Originally independent, it was acquired by the conglomerate ITT. News Communications, Inc., which owns The Hill, bought Marquis in 2003. In 2016, the company's assets, including all the trademarks were transferred to Marquis Who's Who Ventures LLC, which is privately owned.

== Publications ==
=== General publications ===
Marquis publications include:

- Who's Who in America
- Who's Who in the World
- Who's Who in American Art
- Who's Who in American Politics
- Who's Who in the East
- Who's Who in the West
- Who's Who in the Midwest
- Who's Who in the South / Southwest
- Who's Who in Medicine and Healthcare
- Who's Who in Asia
- Who's Who in American Law
- Who's Who in Corporate America
- Who's Who in Science and Engineering
- Who's Who of American Women

=== Historical series ===
- Who Was Who in America )
- Who's Who in 20th Century America

== Selection process ==
A 2005 New York Times feature describes some aspects of the selection process at the time: "An editorial team of 70, including 12 researchers, make the call on who's notable and who's not".
== As reference source ==
In 1999, Forbes magazine published an article by Tucker Carlson, in which he reported that Marquis profited through direct mail marketers.
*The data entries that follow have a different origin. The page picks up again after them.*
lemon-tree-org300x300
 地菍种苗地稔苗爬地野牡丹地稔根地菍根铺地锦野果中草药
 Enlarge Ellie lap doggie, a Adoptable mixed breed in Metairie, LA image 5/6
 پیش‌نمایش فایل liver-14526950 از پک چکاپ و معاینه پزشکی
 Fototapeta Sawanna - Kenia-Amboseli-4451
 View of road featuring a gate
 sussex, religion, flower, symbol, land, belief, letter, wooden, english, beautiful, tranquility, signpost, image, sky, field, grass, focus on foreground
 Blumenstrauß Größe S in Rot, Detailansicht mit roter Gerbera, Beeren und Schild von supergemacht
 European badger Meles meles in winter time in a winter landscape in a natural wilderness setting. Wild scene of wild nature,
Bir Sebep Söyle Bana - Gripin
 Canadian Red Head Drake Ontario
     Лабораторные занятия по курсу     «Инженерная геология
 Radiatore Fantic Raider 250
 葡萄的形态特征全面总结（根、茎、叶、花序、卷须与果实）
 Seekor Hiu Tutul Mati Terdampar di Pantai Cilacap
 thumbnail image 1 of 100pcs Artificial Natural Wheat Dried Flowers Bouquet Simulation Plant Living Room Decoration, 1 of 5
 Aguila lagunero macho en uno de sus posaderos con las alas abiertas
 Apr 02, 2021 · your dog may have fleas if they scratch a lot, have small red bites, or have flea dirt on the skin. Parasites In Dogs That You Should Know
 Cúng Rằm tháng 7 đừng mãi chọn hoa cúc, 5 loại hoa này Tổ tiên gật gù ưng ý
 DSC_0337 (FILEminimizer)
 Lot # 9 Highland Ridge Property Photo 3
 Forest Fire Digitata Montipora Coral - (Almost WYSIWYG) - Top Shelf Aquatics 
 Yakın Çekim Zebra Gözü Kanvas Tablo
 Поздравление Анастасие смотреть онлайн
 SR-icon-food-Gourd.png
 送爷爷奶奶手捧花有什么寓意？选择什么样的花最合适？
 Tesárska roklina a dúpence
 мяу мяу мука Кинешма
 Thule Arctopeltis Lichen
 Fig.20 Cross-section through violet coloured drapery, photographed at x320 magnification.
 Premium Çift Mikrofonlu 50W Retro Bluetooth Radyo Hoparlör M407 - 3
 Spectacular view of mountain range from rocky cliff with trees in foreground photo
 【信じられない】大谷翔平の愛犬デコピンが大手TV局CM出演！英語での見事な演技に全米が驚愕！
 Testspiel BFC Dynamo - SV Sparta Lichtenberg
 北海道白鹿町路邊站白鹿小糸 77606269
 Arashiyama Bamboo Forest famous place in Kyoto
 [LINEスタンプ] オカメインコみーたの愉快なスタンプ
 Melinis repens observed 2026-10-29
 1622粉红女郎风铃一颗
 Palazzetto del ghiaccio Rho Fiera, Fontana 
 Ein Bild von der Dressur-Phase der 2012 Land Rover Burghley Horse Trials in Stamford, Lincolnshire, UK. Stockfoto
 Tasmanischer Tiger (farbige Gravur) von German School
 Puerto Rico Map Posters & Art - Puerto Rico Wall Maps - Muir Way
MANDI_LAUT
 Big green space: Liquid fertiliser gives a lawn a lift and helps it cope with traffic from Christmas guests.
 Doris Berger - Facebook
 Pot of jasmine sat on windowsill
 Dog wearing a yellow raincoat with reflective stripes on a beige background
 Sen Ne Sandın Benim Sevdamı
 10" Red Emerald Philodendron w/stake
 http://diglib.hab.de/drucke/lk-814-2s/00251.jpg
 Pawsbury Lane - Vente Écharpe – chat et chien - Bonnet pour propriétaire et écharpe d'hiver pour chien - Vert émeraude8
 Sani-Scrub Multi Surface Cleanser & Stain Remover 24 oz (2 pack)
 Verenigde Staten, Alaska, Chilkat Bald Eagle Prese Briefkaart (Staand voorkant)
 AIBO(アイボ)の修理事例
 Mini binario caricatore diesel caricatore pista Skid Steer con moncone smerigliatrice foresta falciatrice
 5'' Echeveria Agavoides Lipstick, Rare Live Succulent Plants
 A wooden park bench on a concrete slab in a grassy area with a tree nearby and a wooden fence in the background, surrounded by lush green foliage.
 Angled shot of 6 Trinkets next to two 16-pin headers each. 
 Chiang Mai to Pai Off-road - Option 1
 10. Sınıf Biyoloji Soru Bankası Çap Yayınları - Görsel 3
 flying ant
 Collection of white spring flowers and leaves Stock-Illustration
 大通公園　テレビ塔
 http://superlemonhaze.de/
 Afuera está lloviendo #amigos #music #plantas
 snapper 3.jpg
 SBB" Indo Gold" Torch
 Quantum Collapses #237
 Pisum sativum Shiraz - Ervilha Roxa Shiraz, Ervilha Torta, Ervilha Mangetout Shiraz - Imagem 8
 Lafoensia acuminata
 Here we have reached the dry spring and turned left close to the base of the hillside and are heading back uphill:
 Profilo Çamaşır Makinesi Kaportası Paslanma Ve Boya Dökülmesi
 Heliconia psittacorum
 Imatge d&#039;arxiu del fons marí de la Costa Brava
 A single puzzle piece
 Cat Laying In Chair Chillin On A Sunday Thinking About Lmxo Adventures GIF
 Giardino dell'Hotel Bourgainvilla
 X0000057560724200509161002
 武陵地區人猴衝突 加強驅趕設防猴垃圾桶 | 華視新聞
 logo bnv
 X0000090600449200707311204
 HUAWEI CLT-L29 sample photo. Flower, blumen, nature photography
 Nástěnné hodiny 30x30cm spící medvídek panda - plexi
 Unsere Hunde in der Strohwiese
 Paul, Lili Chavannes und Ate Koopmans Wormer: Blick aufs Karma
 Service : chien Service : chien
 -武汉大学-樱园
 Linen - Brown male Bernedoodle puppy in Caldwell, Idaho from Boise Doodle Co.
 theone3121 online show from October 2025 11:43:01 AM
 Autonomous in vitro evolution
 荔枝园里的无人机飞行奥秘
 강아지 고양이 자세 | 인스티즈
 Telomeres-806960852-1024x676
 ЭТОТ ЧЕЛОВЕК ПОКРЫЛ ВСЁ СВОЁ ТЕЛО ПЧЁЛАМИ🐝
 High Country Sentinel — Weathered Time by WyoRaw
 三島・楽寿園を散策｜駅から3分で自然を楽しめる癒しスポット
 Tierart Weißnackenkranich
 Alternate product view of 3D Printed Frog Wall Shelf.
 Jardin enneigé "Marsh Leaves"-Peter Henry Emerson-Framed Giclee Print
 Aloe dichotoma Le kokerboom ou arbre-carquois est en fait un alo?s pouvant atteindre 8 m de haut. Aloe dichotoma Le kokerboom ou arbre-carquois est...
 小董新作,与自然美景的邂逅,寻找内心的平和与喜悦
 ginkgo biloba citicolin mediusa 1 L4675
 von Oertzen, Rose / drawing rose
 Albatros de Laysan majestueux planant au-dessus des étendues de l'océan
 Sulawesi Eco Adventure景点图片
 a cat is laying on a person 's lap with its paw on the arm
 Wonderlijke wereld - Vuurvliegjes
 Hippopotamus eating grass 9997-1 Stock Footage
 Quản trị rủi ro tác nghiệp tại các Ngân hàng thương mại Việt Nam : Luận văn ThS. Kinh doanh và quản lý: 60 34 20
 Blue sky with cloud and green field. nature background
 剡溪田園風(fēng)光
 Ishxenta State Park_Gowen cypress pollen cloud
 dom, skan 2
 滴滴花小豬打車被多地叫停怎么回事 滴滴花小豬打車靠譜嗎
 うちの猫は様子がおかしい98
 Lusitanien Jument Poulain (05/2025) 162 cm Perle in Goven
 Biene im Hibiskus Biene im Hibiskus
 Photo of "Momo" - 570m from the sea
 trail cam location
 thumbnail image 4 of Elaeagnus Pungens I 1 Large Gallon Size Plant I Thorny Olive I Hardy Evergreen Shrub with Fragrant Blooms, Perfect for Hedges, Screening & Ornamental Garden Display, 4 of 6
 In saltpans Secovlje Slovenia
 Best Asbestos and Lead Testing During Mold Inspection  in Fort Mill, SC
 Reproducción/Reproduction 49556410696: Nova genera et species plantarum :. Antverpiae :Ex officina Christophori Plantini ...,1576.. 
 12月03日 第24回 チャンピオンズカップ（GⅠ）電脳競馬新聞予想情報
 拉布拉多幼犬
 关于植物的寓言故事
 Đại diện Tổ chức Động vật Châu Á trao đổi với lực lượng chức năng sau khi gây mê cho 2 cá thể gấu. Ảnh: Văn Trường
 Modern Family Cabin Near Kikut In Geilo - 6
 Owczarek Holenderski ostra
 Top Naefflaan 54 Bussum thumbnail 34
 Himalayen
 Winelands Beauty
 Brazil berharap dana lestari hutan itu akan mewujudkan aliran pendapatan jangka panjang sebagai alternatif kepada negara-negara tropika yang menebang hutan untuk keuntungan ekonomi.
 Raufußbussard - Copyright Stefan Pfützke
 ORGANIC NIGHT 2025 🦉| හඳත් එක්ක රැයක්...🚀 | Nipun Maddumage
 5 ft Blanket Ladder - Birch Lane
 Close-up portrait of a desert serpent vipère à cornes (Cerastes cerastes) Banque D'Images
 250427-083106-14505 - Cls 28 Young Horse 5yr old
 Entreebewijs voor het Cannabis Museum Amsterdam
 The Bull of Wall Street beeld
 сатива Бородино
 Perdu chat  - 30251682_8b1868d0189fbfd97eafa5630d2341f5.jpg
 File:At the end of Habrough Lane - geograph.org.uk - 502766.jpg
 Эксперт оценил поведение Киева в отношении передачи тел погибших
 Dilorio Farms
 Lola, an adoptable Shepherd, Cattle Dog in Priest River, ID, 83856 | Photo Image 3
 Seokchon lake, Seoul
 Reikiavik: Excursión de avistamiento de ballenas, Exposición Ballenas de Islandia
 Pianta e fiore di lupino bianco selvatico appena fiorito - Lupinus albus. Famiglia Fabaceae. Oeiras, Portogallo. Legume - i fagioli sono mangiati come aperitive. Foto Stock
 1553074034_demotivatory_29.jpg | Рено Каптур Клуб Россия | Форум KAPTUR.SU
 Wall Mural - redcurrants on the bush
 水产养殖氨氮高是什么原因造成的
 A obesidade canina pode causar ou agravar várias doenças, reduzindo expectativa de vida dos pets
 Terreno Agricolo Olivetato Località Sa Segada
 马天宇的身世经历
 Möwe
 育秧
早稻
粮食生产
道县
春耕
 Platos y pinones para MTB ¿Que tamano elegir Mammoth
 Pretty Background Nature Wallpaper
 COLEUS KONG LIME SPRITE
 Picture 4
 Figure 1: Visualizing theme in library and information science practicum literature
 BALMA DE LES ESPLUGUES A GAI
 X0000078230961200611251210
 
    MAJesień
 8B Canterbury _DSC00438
Forbes adopted Who's Who in America as a source for compiling information on post-graduate success when it began ranking America's most prestigious colleges in 2007. Forbes stopped referencing Marquis Who's Who in 2013, replacing it with various of its own lists, such as Power Women, 30 Under 30, CEOs on the Global 2000, Nobel and Pulitzer prize winners, Guggenheim and MacArthur Fellows, those elected to the National Academy of Sciences, and winners of major Arts awards.

Two statisticians with the Metropolitan Life Insurance Company used inclusion in Who's Who in America in a study conducted 1950–1961, which concluded that people listed in the publication lived longer than their unlisted peers.